Game software to account for bulk of consumer spend but online games will boast fastest growth led by exponential growth in virtual goods expenditure, Gartner notes.
Written by Ellyne Phneah, Contributor

Worldwide spending on games is estimated to hit US$112 billion in 2015, nearly double the US$67 billion recorded in 2010, according to a new report from Gartner.

Global games expenditure in 2011 will exceed US$74 billion, a year-on-year increase of 10.4 percent, the research firm said Tuesday in a statement.

The research firm said games software will account for more than half, or US$44.7 billion, for the overall spend in 2011. The trend, it added, is expected to continue over the next five years as the software component absorbs almost two-thirds of consumers' game budgets.

Hardware and online games will contribute US$17.8 and $11.9 billion, respectively, to the games industry in 2011.

"[The] large market size means that many consumers embrace gaming as a core piece of their entertainment budget and will continue to play as long as game publishers deliver compelling and fun games," said Fabrizio Biscotti, research director at Gartner, in the statement.

Within the software segment, Gartner expects mobile games to experience the largest growth opportunity, with its market share poised to increase from 15 percent in 2010 to 20 percent in 2015.

Tuong Nguyen, principal research analyst at Gartner, attributed this phenomenon to the rising popularity of smartphones and tablets and games being the most downloaded category of apps in appstores.

While software is on track to contribute the majority of game expenditure over the next few years, online games will be the fastest growing segment during the forecast period, according to Gartner. It expects global online game spend to increase at a compound annual growth rate of 27 percent through to 2015, with consumer spending on subscription fees slightly declining while spending on virtual goods will grow exponentially.

Brian Blau, research director at Gartner, explained that the increase in dollars devoted to virtual goods was due to the rise of social games, whereby online games are linked to social networking sites and social networking platforms.

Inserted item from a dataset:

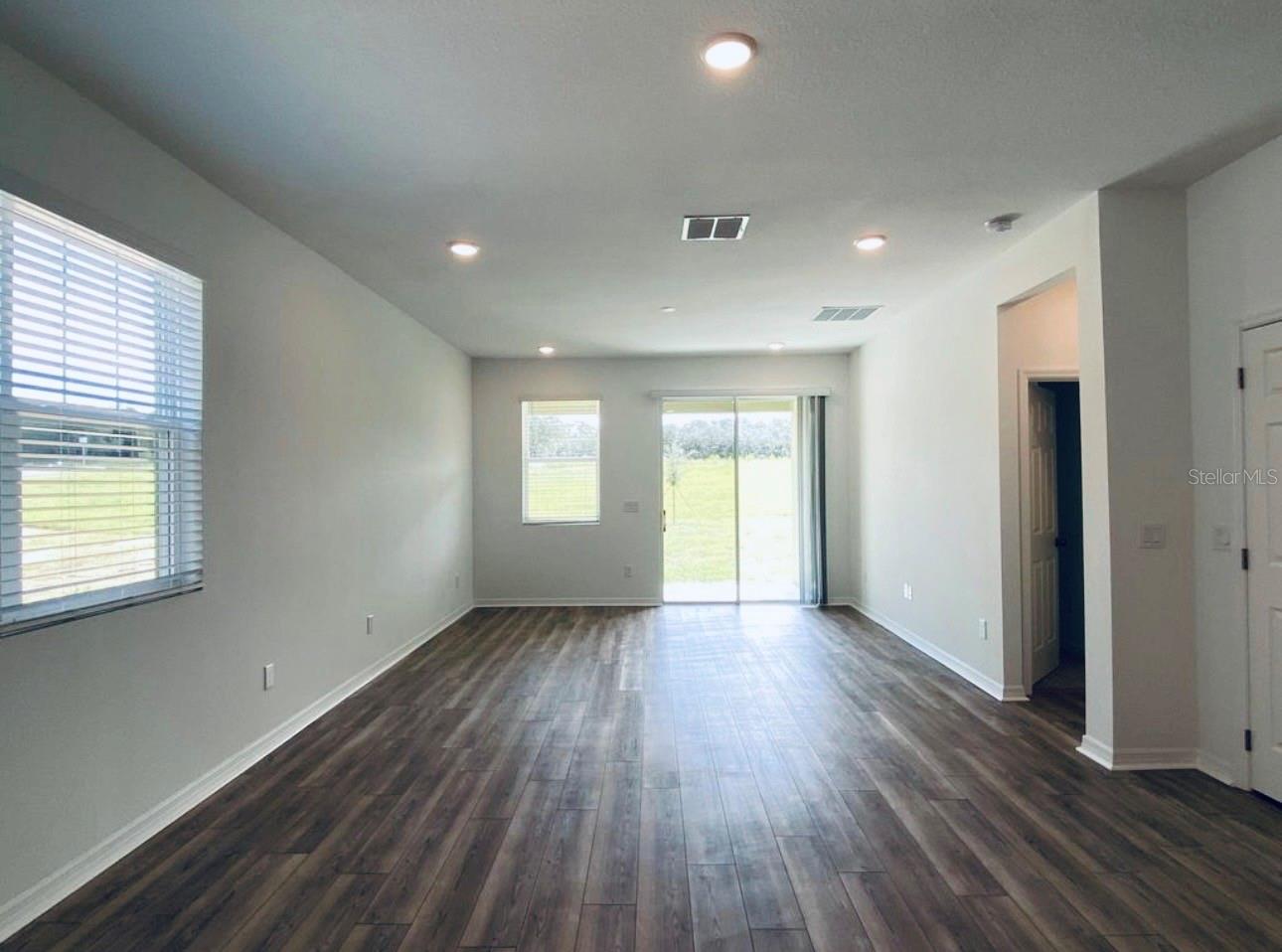 WATERBROOKE PH 4 - Residential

"Subscription fees are giving way to 'freemium' models, in which the game is provided for free to gamers but is monetized through…in-game advertising and display advertising, and in-game microtransactions such as the sale of value-added services or virtual-good purchases," he noted.

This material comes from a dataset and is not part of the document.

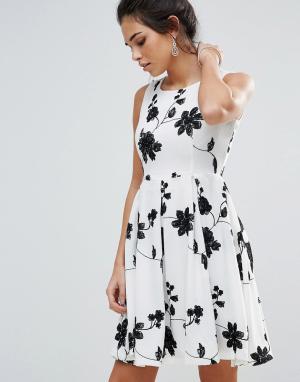 Короткое приталенное платье с цветочным принтом Zibi London. Цвет: мульти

Blau added that users have become multichannel-oriented by choice and expect vendors to continue delivering quality content and experiences by extending their gaming possibilities across several platforms.

"If today's mobile technology does not evolve quickly enough, the games industry is set to see the rate of innovation severely decline," he said. "Alternatively, it will provide opportunities in technology and content genres that we can't foresee today."